We are sharing the full timeline because the pattern is common. Multiple-denied appeals usually mean the underlying cause is unfixed and the appeal text is shaped wrong. Both have specific fixes.
The store and the four denials
The store: a US-based apparel brand, Shopify, 230 SKUs, ~$45K monthly Shopping revenue pre-suspension. We will call it "Newman" for this article; the operator agreed to share anonymized details.
The suspension: misrepresentation, hit on a Wednesday. Account-level suspension with the standard vague banner. Performance Max retail inventory dropped within hours; full Shopping ads pause within 24 hours.
The operator was experienced — this was their third GMC account across various brands they had built. They knew the playbook. They ran the standard fix sequence and submitted the first appeal within a week.
Why each appeal was denied
| Appeal | Fixes attempted | Days to denial |
|---|---|---|
| 1 | Standardized business name across site footer, GMC, GBP, LinkedIn | 8 |
| 2 | Rewrote return / shipping / privacy policies, added contact methods | 12 |
| 3 | Added Trustpilot, expanded About page, hired a GMC recovery consultant | 10 |
| 4 | Removed all subscription products, audited every product page manually for misrepresentation triggers | 9 |
Three months in. Four denials. The operator had fixed everything visible. The denial language never changed. Standard frustration: "we have done everything you asked, what else is there?"
The forensic re-audit
We ran a DOM-level audit on the store. The audit checked:
- Schema validity across 12 sample product pages
- DOM state for subscription pre-selection
- Cross-property NAP consistency
- Raw-HTML price rendering
- Footer brand override patterns
- Auto-applied discount mismatches
The audit returned clean on most items. The previous appeals had genuinely fixed the visible issues. But it failed on one specific check:
FAIL — Schema conflict detected
Found 2 separate Product schemas on every product page. Source 1: theme-emitted JSON-LD with current price + availability. Source 2: Yoast SEO plugin emitting Product schema with stale price (cached at $0).
Severity: Critical. Google's crawler is reading conflicting data — flagged as low data quality.

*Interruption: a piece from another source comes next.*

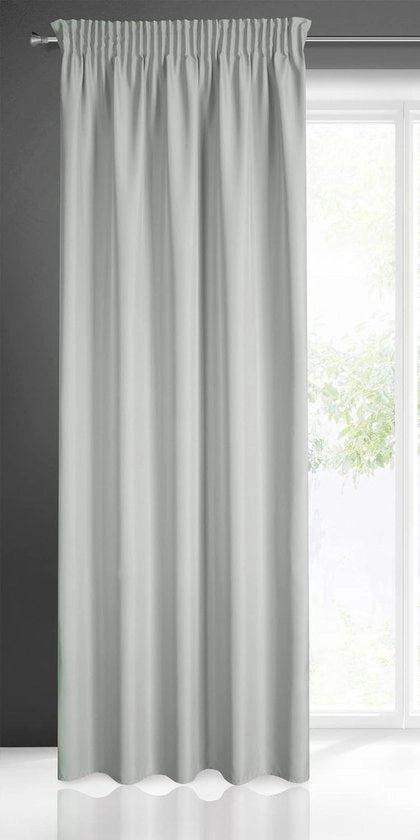 Gordiglio oscurante - Design moderno - 1 pezzo - 100% Poliestere - 140 cm x 270 cm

Both schemas were emitting. The theme's was correct. Yoast's was stale — it had cached the price as $0 on first page load and never refreshed. Google's crawler picked up both, saw the disagreement, and treated the account as having inconsistent merchant data.
The previous consultants had run Rich Results Test on a few pages but had not noticed both schemas were being detected. The test displays both, but it requires reading the "Detected items" panel carefully to spot the duplicate.
Escalation: the Google Ads rep ticket
Three months of suspension had cost the operator about $135K in lost Shopping revenue. They had also been running Google Search ads through the same Ads account for ~$1,800/month. That spend history qualified them for rep contact.
The escalation path:
- Google Ads → Help → Contact us → select "Account suspension" → fill in the request form
- Within 24 hours, an Ads rep emailed asking for context
- The rep submitted an internal escalation ticket tagging the GMC review for priority
- Standard SLA dropped from ~14 days to ~5-7 days for the next appeal review
The rep did not (and could not) influence the substantive decision. The escalation only affected the queue position.
Appeal #5: the structure that worked
Two days after the schema fix (disable Yoast's Product schema emission, verify clean via Rich Results Test on 6 product pages), and one day after the Ads rep escalation went through, the operator submitted appeal #5:
Misrepresentation suspension review, attempt 5 after 4 prior denials.
On forensic re-audit we identified that Yoast SEO was emitting a duplicate Product schema with stale price values ($0) on all 230 product pages, in addition to the theme's correct JSON-LD. Google's crawler was reading both and treating the disagreement as low data quality. This was the structural cause we missed in earlier appeals.
Resolved 2025-03-18 by disabling Yoast's Product schema output (Yoast → Search Appearance → Content types → Product → Schema → set to None). Theme-level Product JSON-LD continues to emit correctly with current price, availability, brand, and offers data.
Verification: ran Rich Results Test on 6 representative product pages. Each test now shows exactly one Product schema detected with all required fields populated correctly. Test report URLs available on request.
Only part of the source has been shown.